Top 10 Exercises for MMA

There’s really no such thing a top 10 exercises for MMA, everyone is different, but that being said, people love scanning lists when they’re online, so I thought I’d give the people what they want.

MMA ‘strength’ in my eyes, is all about explosive hips. strong grips, a powerful neck and great balance.

Remember –
The best way to get strong (and fit) for MMA, is to ‘do’ MMA and to replicate the movements in your training.

Remember to think about ‘Return on Investment’.  In other words, minimise the risk of injury during conditioning sessions, whilst optimising your progression.
For example – I choose not to do Snatches & Olympic Ring exercises, as I feel the risk of injury outweighs the potential benefits for MMA (my friend dislocated his elbow doing snatches, the same friend tore his pec doing muscle ups)
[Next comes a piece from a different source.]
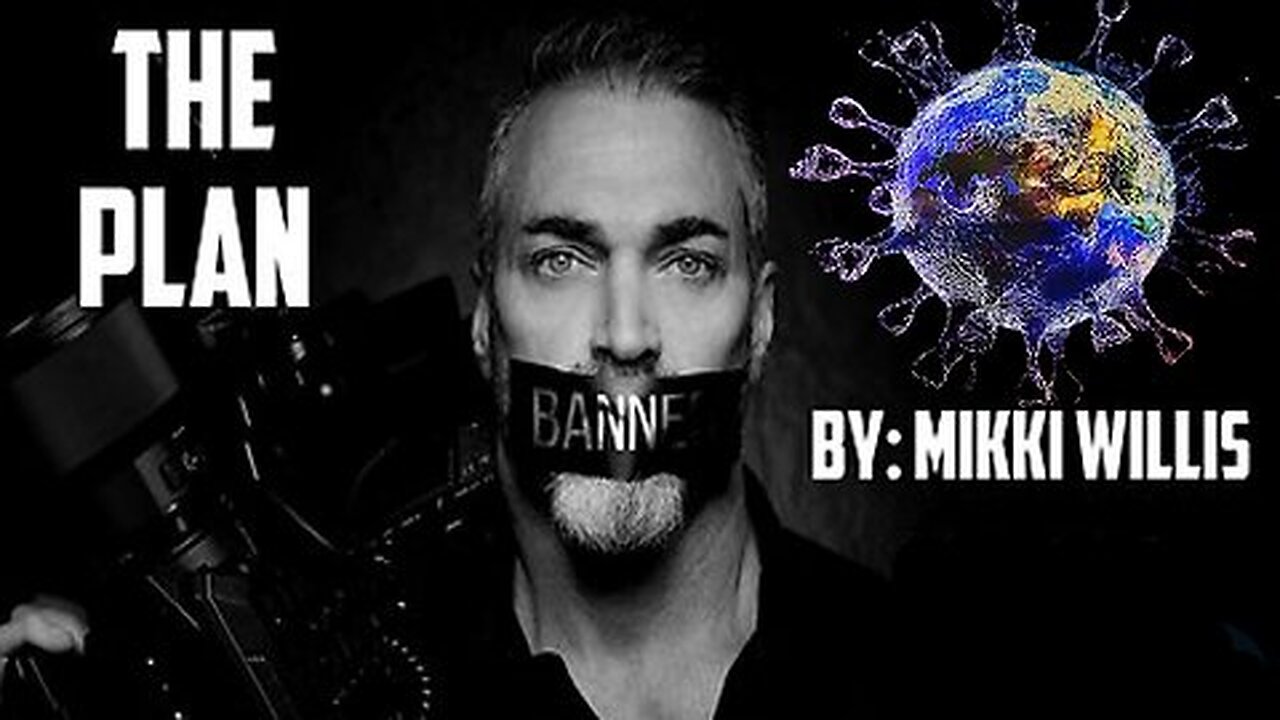 "The Plan" 'Mikki Willis' Of The Plandemic Series 'Scamdemic' "The Globalists Were Arrogant"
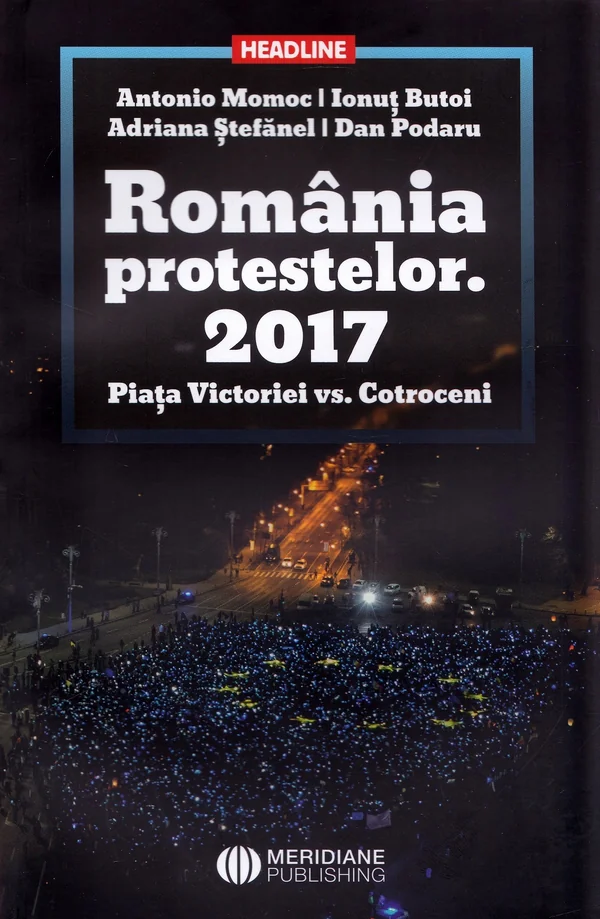 Romania protestelor. 2017. Piata Victoriei vs. Cotroceni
1. Power Cleans (or a variation of)
Explosive hip extension (standing up/thrusting your hips forward from a squatted down position) is an extremely important movement in most sports.
In MMA it will help with your bridging, your thai kicks and knees and your general explosive power.
Here’s me attempting a power clean.  Don’t copy it.  I need to drive my hips through more and get my elbows higher

At the start of doing ‘Power Shrugs’.  Pick up the bar, as you would with a deadlift, then shrug the bar up and jump up at the same time. Like this, but I would do it more explosively, and with less weight:

Obviously, if you leave the floor as you jump, it will have some impact on your back and knees when you land, so don’t over do it.
From Power Shrugs, you could then move onto “High Pulls”.
Keep your elbows out, deadlift the bar from the floor (with a symmetrical grip though, both palms facing you), drive your hips through and pull the bar up to your chin.
Be careful if you have any shoulder problems.


Warning – with almost every Olympic Lift there is a high chance of injury when you start off.
I would advise paying an Olympic Lifting coach to tutor you.
I rate Olympic lifts as the best style of exercise for building explosive power, however, they also carry a risk of injury and tax the central nervous system.

Ensure you have adequate time to recover from an Olympic Lifting session.
Be especially careful when performing the snatch exercise.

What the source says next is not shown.